Just nine days after ending his last fast on January 18, 1948, to bring sanity in Delhi which was engulfed in unprecedented communal violence, and three days before he was assassinated on January 30, weak and weary 79-year-old Mahatma Gandhi was visiting the Qutbuddin Bakhtiyar Kaki Dargah in Mehrauli.

It was freezing cold in Delhi and he reached there before 8 a.m. to see the damage done to it during the communal orgy. He was very upset that in the name of religion, Muslims were attacked in their own land. He was there with Maulana Azad and Raj Kumari Amrit Kaur. Even though it was Urs time there, yet the mood was sombre and Bapu was unwell as he was on fast till recently.

After this holy place was attacked and vandalised, many local Muslims left their homes for safer places. Even staffers of the Dargah abandoned it as they feared for their lives. They too moved to safer places.

Those were the days when only villages constituted the entire Mehrauli area. IIT and various South Delhi colonies like Green Park, Hauz Khas and Safderjung Development Area(SDA) came up only after mid 50s.

Pyare Lal Nayar, Bapu’s PA, writes in ‘Mahatma Gandhi Purnahuti’, “Bapu was devastated to see some part of the dargah damaged. It was being attacked by refugees coming from Pakistan. They were given make-shift accommodation close to the Qutbuddin Bakhtiyar Kaki Dargah by the government.”

At the dargah, he appealed to everybody to live peacefully. He asked refugees to rebuild the damaged area. Gandhiji had asked Prime Minister Jawaharlal Nehru to get the dargah repaired as it had sustained extensive damage during the riots.

Further, Gandhiji asked Nehru to allocate Rs 50,000 for the damages. Of course, it was a huge amount in those days. After his visit, Gandhi himself wrote, as per his collected works (Volume 98 pg 98-99): “Esteemed as second only to the shrine at Ajmer, it (the Qutbuddin Bakhtiyar Kaki Dargah) is visited every year not only by Muslims but by thousands of non-Muslims too.”
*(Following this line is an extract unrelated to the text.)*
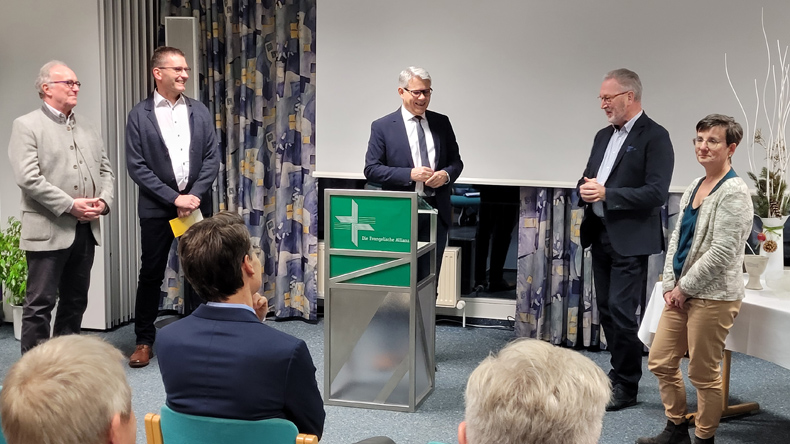 VEF-Präsident Christoph Stiba (Mitte) heißt die Apostolische Gemeinschaft als neues Vollmitglied willkommen. Stellvertretend begrüßt er (von links) Apostel Ulrich Hykes, Matthias Ludwig, Deltef Lieberth, Elke Heckmann.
Before leaving the dargah, Gandhiji told the large assembly, “I have come on a pilgrimage. I request Muslims, Hindus and Sikhs who have come here with cleansed hearts to take a vow that they will never allow strife to raise its head, but will live in amity, united as friends and brothers. We must purify ourselves and meet even our opponents with love.”

Visited shrines only twice

In his 744-day stay in Delhi between April 12, 1915, and the fateful January 30, 1948, he visited religious places only twice even though he was a devout Hindu. He inaugurated the Birla Mandir on September 22, 1939, on the condition that the entry of dalits would not be barred there.

The second time when he visited any shrine, it was the dargah. Yes, he lived in a tiny room at Valmiki Mandir in Delhi where he used to teach kids of Valmiki families. That black board is still intact which was used by none other than Gandhiji during his classes to teach his students.

Bapu stayed at Valmiki Mandir in then Reading Road (now Mandir Marg) for exactly 214 days from April 1, 1946 to June 10, 1947. Here Louis Fischer used to interview him before writing his great biography ‘The Life of Mahatma Gandhi’.

“This shrine was subjected to the wrath of mobs. The Muslims living in the vicinity for the last 800 years had to leave. Though Muslims love the shrine, today no Muslim can be found anywhere near it. It is the duty of the Hindus, Sikhs, the officials and the government to open the shrine again and wash off this stain on us.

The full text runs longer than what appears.